In Pensiv, a file is not just a storage unit.
Each file is a unit of thought with a specific role in the project.
Choosing a file type is
not choosing a format;
it’s deciding how you’ll work with this thought.
As flowing text,
as placed structure,
as explored relationships,
or as fixed reference.
Pensiv separates these roles by file type.

When do you need file types?

You don’t need to worry about it at first.
It starts to matter when:
  • You have more and more documents
  • You keep repeating the same setting in different documents
  • The text grows but the structure is hard to see
Then you ask:
Is this thought text, structure, relationship, or reference?
That question is how you choose the file type.

Main file types in Pensiv

Pensiv has five main file types.
Each has a different role.

Document (Docs)

Where you turn thoughts into sentences
and finish them in one context.
  • Scene
  • Episode
  • Draft
  • Planning doc
Documents handle flow and narrative.

Sheet

A file that fixes information you’ll refer to again and again.
  • Character
  • Place
  • Event
  • Item
Sheets are closer to definition than to description.

Plotboard

Where you arrange the flow of a story or plan
as structural units.
  • Act structure
  • Scene order
  • Step design
The plotboard makes you think
”where will it sit?” before “what will I write?”

Canvas

Where you experiment visually with relationships
between people, events, and ideas.
  • Emotional flow
  • Relationship map
  • How settings conflict
The canvas connects and arranges thoughts.

Notes

Where you capture thoughts that aren’t organized yet.
  • Idea sketches
  • Hypotheses
  • Temporary memos
Notes keep things before they’re “finished.”
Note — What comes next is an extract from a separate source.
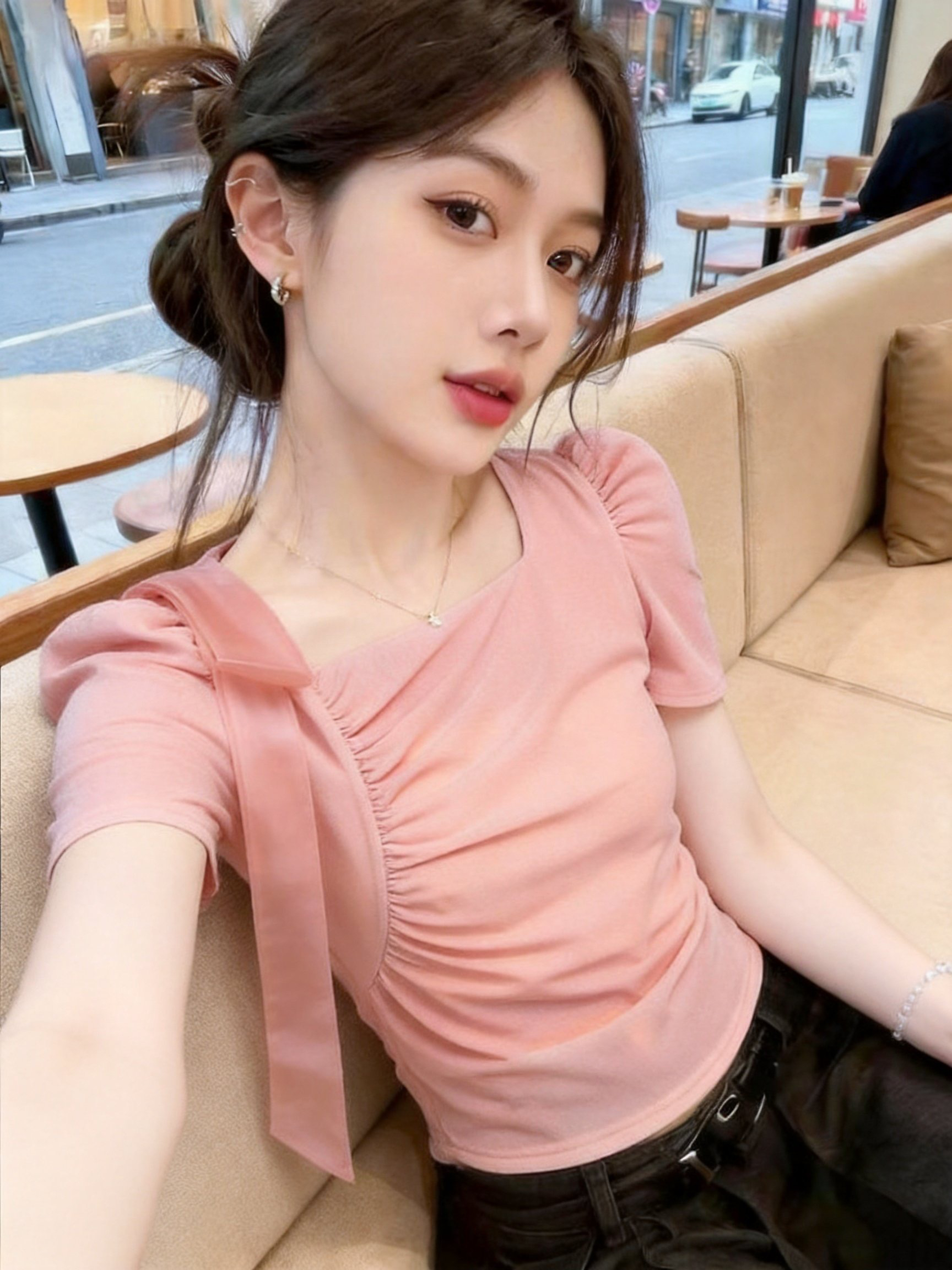 실사 여름 새로운 한국 스타일 광장 칼라 거품 소매 광택 실 달콤함 몸매 가꾸기 레이스업 풀오버 반팔 품격 여성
File types are roles, not hierarchy

In Pensiv,
no file type is “above” or “central” by default.
Each type has a different job:
  • Document → center of narrative
  • Sheet → reference for information
  • Plotboard → frame for structure
  • Canvas → space to try relationships
  • Notes → temporary thinking space
One thought can
start in a document, move to the plotboard,
expand on the canvas,
and return to the document.
That movement is normal.

File types assume connections

Files in Pensiv are not isolated.
  • A document can reference a sheet
  • A plotboard card can link to a document
  • A canvas can place several files together
File types are not for splitting thoughts;
they’re for looking at the same thought from different angles.

Summary

Pensiv doesn’t ask “where do I write this?”
It asks:
What role should this thought have right now?
Once you see file types that way,
Pensiv stops being just an organizer
and becomes a system where thoughts move and connect.